Durante as falas, os gestores destacaram a importância da atuação integrada entre os órgãos ambientais, brigadas voluntárias e Corpo de Bombeiros no enfrentamento aos incêndios. O coordenador da Unidade Regional Sudoeste, Glauber Oliveira, ressaltou que a região possui municípios com histórico recorrente de incêndios, o que exige ações contínuas de prevenção e resposta. “Nossa atuação envolve municípios com maior incidência de incêndios, como Érico Cardoso e Rio de Contas, e fazemos também parceria com colegas da Chapada Diamantina. Já temos cerca de dez anos de atuação nesse trabalho junto com o Corpo de Bombeiros e outras instituições”, afirmou.
No Extremo Sul, o coordenador regional Vasco Queiroz lembrou episódios recentes de grandes incêndios e destacou o papel do programa na articulação das respostas. “Tivemos em 2023 uma grande queimada no Parque Monte Pascoal e também na região de Santo André.

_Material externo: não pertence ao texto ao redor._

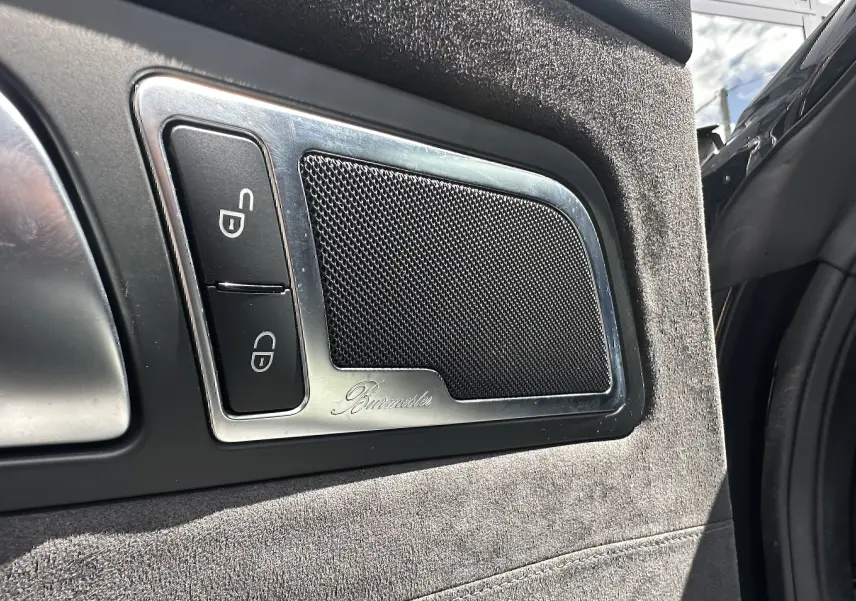 Détail intérieur côté gauche de la porte d’une Mercedes AMG GT 2015 gris foncé, avec haut-parleur Burmester et boutons de verrouillage.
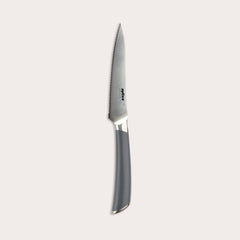 The Zyliss Comfort Pro Serrated Paring Knife 11.5cm features a German stainless steel silver blade and ergonomic gray handle, displayed against a plain light background.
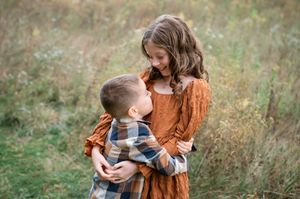 Two children in autumn clothing share a tender moment together in a sunlit meadow with tall grass.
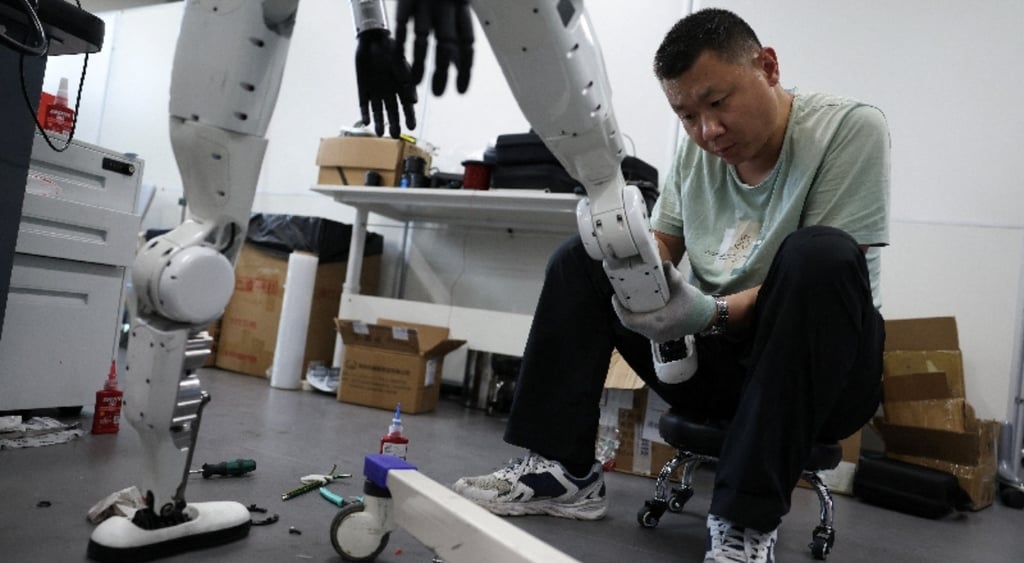 Engineer works on Tiangong Omni robot's leg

O que funcionou muito bem naquele momento foi a integração com o Programa Bahia Sem Fogo e com os brigadistas voluntários que nos ajudaram bastante”, relatou.

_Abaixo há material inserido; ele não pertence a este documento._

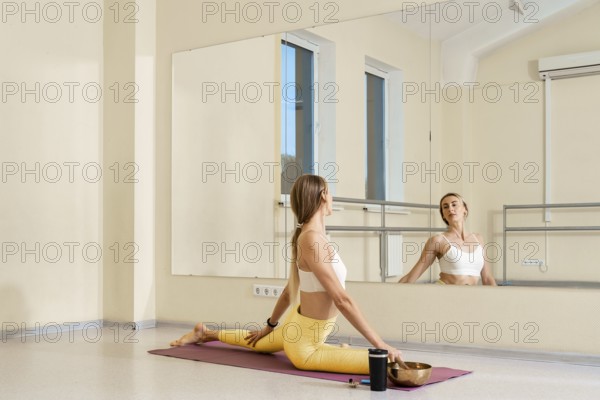 A woman practices yoga in a well-lit studio. She sits in a split position on a yoga mat while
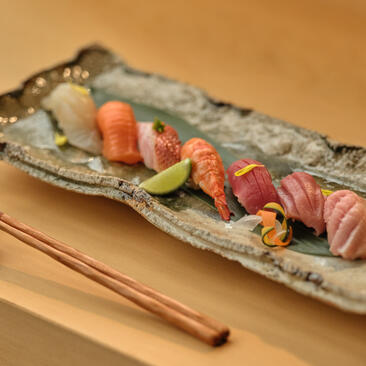 Assorted sashimi and nigiri sushi on a rectangular slate plate at Amanpuri resort's Nama dining venue.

A coordenadora da Unidade Regional da Chapada Diamantina, Simone Sodré, destacou que a presença das regionais no colegiado fortalece a troca de experiências entre as equipes que atuam diretamente no interior do estado. Já Jaqueline, coordenadora da Unidade Regional Piemonte da Diamantina, sediada em Senhor do Bonfim, relatou que a região também enfrenta situações recorrentes de incêndios, especialmente em áreas serranas, como a Serra de Jacobina.

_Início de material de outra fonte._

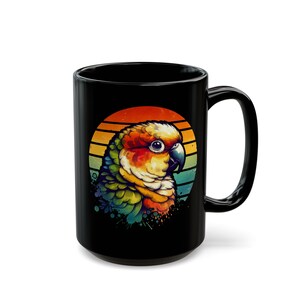 Könnte beinhalten: Schwarze Keramiktasse mit einer bunten Illustration eines Papageis vor einem Retro-Sonnenuntergang.
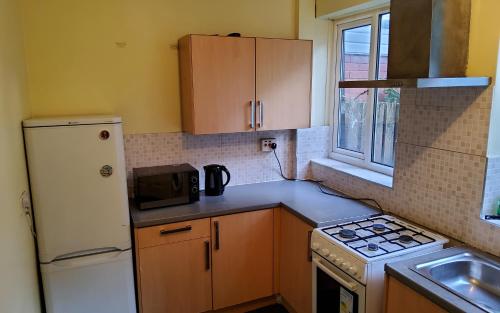 a kitchen with a white refrigerator and a sink at Sure stay property in Bolton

Ao final do encontro, os participantes discutiram os próximos passos para o planejamento das ações preventivas do programa em 2026, incluindo as caravanas de mobilização e as operações de monitoramento em áreas com maior incidência de incêndios no estado. Também foram debatidas as pautas que estarão em discussão no V Seminário Internacional sobre Prevenção, Monitoramento e Combate a Incêndios Florestais, previsto para acontecer entre os dias 11 e 12 de março, no Instituto Anísio Teixeira (IAT), em Salvador [clique para saber mais sobre o evento].